-------- Material for this exercise --------
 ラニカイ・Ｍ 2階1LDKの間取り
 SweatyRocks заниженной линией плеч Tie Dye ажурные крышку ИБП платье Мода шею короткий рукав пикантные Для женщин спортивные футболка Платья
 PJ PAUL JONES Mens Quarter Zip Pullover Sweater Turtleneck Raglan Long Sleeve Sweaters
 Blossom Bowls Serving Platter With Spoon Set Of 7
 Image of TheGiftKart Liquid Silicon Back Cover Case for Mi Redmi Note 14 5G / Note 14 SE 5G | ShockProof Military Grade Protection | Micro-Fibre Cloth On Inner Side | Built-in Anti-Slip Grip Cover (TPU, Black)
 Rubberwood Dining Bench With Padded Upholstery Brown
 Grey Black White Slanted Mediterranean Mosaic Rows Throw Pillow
--------
-------- Material for this exercise --------
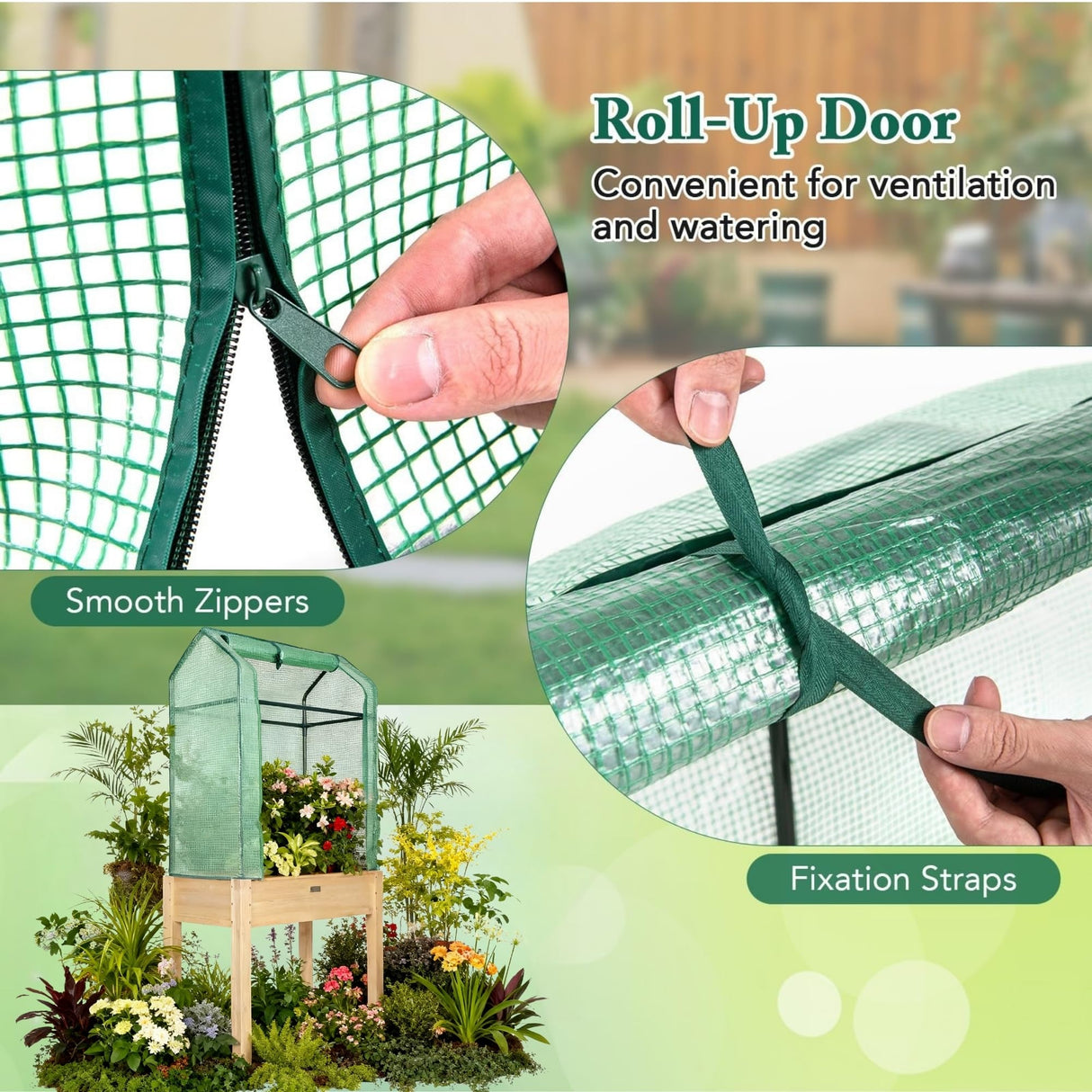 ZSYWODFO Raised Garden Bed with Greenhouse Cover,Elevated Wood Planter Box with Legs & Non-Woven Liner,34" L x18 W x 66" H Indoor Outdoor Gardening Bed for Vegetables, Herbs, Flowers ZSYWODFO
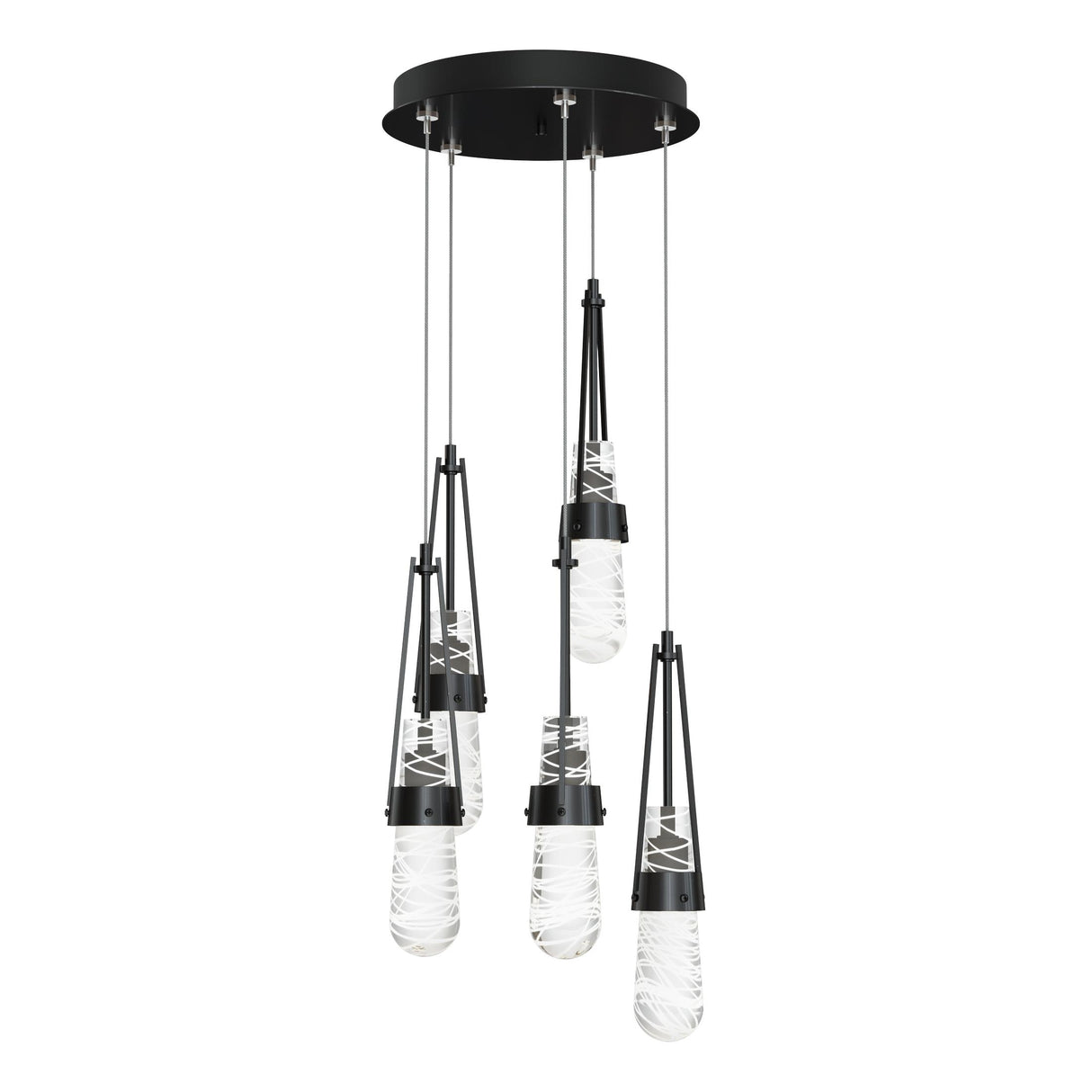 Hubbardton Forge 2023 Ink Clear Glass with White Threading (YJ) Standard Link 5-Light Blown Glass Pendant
--------
What you should do:
Please give back exactly the lines of this listing beginning at the line with "SweatyRocks заниженной линией" and ending with the line with "Blossom Bowls Serving", both included, and nothing else.

Result for this task:
 SweatyRocks заниженной линией плеч Tie Dye ажурные крышку ИБП платье Мода шею короткий рукав пикантные Для женщин спортивные футболка Платья
 PJ PAUL JONES Mens Quarter Zip Pullover Sweater Turtleneck Raglan Long Sleeve Sweaters
 Blossom Bowls Serving Platter With Spoon Set Of 7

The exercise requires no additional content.